(Supplied material)

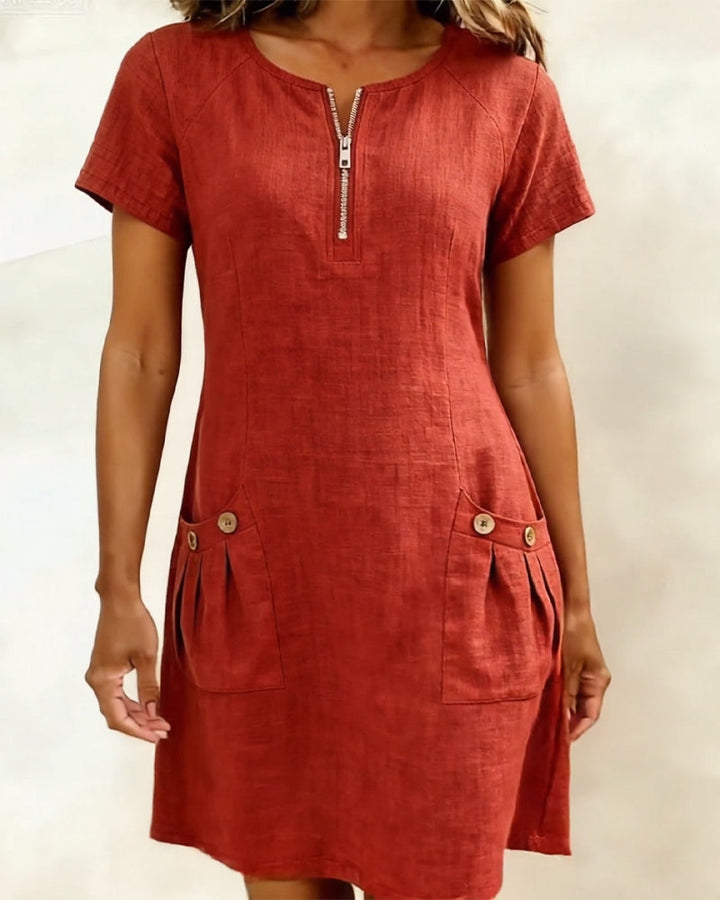 HILLERIDGE LONDON® | Cotton Dress with Zip Pocket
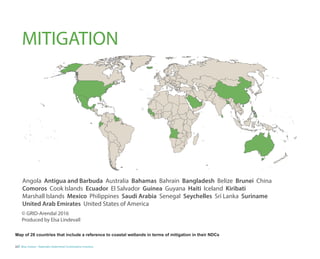 22 Blue Carbon - Nationally Determined Contributions Inventory
Angola Antigua and Barbuda Australia Bahamas Bahrain Bangladesh Belize Brunei China
Comoros Cook Islands Ecuador El Salvador Guinea Guyana Haiti Iceland Kiribati
Marshall Islands Mexico Philippines Saudi Arabia Senegal Seychelles Sri Lanka Suriname
United Arab Emirates United States of America
© GRID-Arendal 2016
Produced by Elsa Lindevall
MITIGATION
Map of 28 countries that include a reference to coastal wetlands in terms of mitigation in their NDCs
 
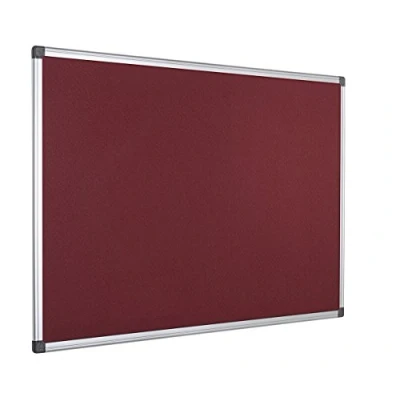Afbeelding van Bi Office Prikbord van vilt, bordeauxrood, frame aluminium, 60 x 45 cm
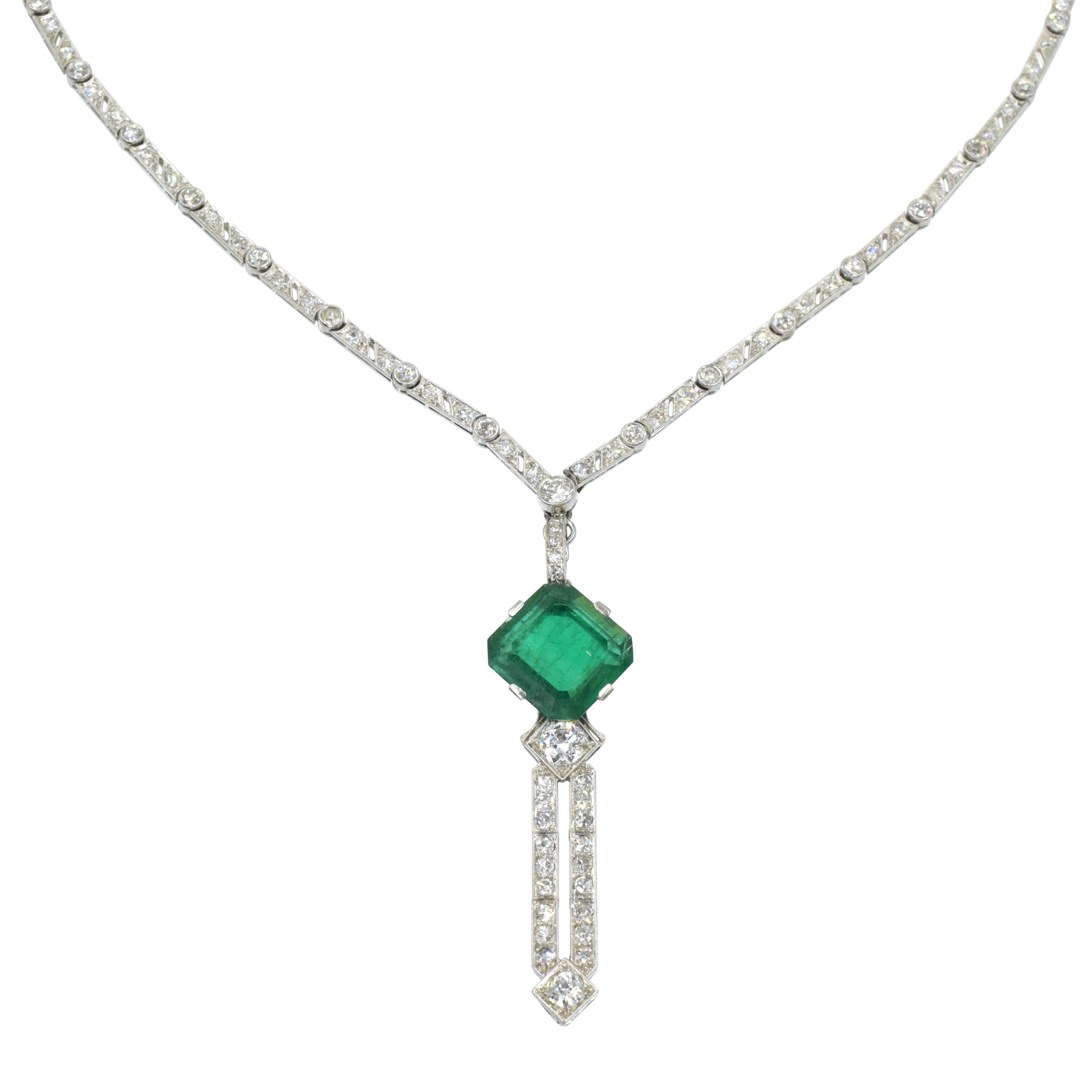 Art Deco 3.90ct Columbian Emerald & 4.15ct Diamond Necklace in Platinum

(End Supplied material)

What the exercise asks:
None of the pictures should appear; copy the rest of the material above exactly.

Response below:
 HILLERIDGE LONDON® | Cotton Dress with Zip Pocket
 22 Blue Carbon - Nationally Determined Contributions Inventory
Angola Antigua and Barbuda Australia Bahamas Bahrain Bangladesh Belize Brunei China
Comoros Cook Islands Ecuador El Salvador Guinea Guyana Haiti Iceland Kiribati
Marshall Islands Mexico Philippines Saudi Arabia Senegal Seychelles Sri Lanka Suriname
United Arab Emirates United States of America
© GRID-Arendal 2016
Produced by Elsa Lindevall
MITIGATION
Map of 28 countries that include a reference to coastal wetlands in terms of mitigation in their NDCs
 
Afbeelding van Bi Office Prikbord van vilt, bordeauxrood, frame aluminium, 60 x 45 cm
 Art Deco 3.90ct Columbian Emerald & 4.15ct Diamond Necklace in Platinum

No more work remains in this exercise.